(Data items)
=====
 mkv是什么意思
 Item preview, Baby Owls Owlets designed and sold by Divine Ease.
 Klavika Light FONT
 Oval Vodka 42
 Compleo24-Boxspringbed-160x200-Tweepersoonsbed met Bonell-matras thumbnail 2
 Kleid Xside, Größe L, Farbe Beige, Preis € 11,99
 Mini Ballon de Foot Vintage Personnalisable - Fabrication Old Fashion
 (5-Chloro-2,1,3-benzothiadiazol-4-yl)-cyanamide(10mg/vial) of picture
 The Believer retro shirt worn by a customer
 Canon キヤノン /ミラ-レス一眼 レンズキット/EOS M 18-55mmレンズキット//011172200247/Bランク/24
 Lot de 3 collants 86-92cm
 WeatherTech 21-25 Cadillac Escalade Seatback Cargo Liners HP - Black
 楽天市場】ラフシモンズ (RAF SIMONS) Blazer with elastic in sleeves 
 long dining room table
=====
▶ Exercise instructions
Each line from the one that includes "Lot de 3 collants 86-92cm" down to the close of the records above is to be given again exactly, and no other line is to appear.

▶ Task result
 Lot de 3 collants 86-92cm
 WeatherTech 21-25 Cadillac Escalade Seatback Cargo Liners HP - Black
 楽天市場】ラフシモンズ (RAF SIMONS) Blazer with elastic in sleeves 
 long dining room table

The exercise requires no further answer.